Ce projet de loi, car je me refuse à parler de réforme, est l'une des plus grandes supercheries du quinquennat de François Hollande. Il ne répond en aucun cas aux véritables enjeux. Alors que le COR et le rapport Moreau ont fait état d'un besoin de financement de 20 milliards d'euros en 2020, tous régimes confondus, le projet se concentre sur les 7,5 milliards dont a besoin le régime général. Il ne vise qu'à ouvrir de nouveaux droits, dont certains sont d'ailleurs justifiés : je pense aux femmes, aux polypensionnés, à la prévention et à la prise en compte de la pénibilité – même si pour ma part, je préfère parler de métiers physiques. Cela conduit à poser la question du financement. Sur ce point, j'estime comme vous que l'allongement de la durée de cotisation est une mesure hypocrite si elle ne s'accompagne pas d'un recul de l'âge du départ à la retraite : elle désavantage les jeunes générations, dont je fais partie, et entraînera inévitablement une baisse des pensions, puisque beaucoup partiront à la retraite sans pouvoir bénéficier d'une pension à taux plein.

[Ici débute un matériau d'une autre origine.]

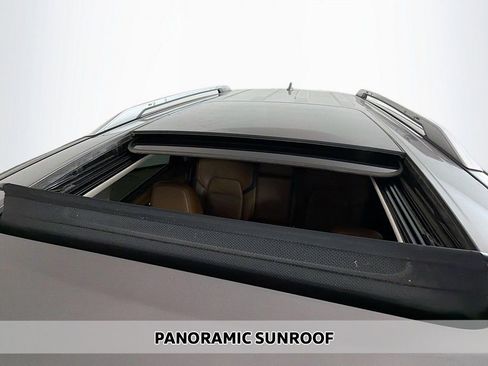 Used 2022 Nissan Pathfinder Platinum w/ Cargo Package image 4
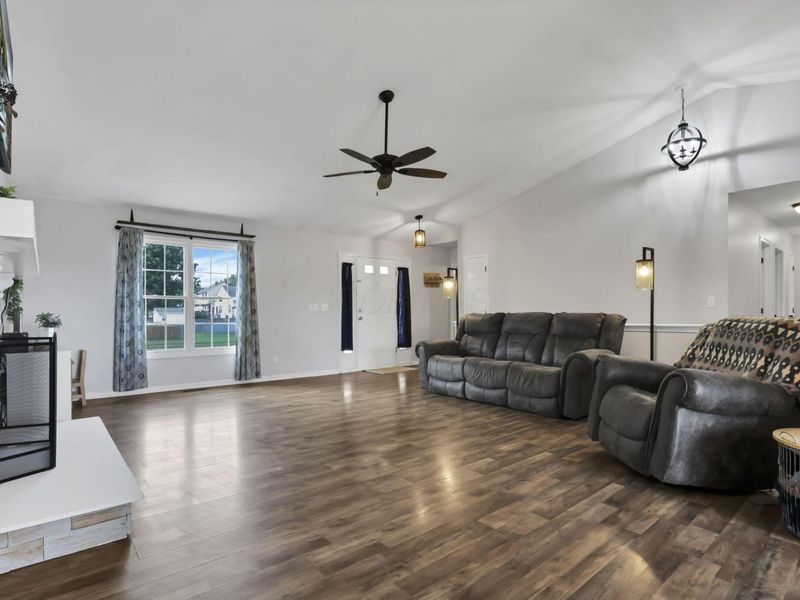 1624 E Turkey Run Drive, Newark, OH 43055 Photo 6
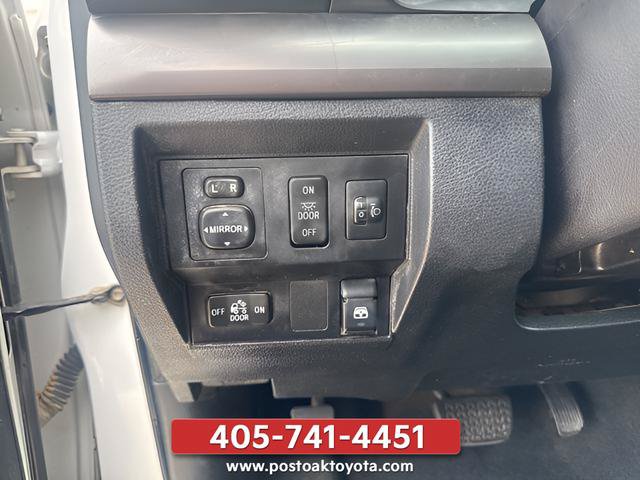 Used 2016 Toyota Tundra SR5 w/ SR5 Upgrade Package AWD/4WD image 33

Ce projet est aussi un choc fiscal déguisé. Les retraités, qui ont déjà été ponctionnés par le projet de loi de financement de la sécurité sociale (PLFSS) pour 2013, verront leur pouvoir d'achat diminuer ; les salariés et les entreprises, qui l'ont été pour financer le décret de 2012 sur le retour de la retraite à soixante ans – qui a un impact majeur sur les finances de la CNAV, puisque la réforme de 2010 permettait d'assurer, comme nous l'a précisé M. Rivière, un retour à l'équilibre des régimes de base – sont mis à contribution.
Nous ne vous avons pas entendus sur l'enjeu majeur que sont les pistes de financement, ni sur la réforme structurelle – qui ne permettra certes pas de régler le problème financier, mais au moins d'assurer plus d'équité entre les Français. Nous souhaitons voir s'accélérer la convergence entre régimes engagée en 2003 et la réforme des régimes spéciaux.
J'en viens à la réforme systémique. Vous dénoncez le régime par points en vous référant à l'expérience suédoise, monsieur Aubin. Il semble cependant possible de mettre en place une réforme systémique et un régime par points à la française. Vous vous accommodez du reste très bien des régimes de retraite complémentaire par points de l'AGIRC et de l'ARRCO. Le projet ne traite pas de ces régimes, dont les besoins de financement pour les années à venir sont considérables.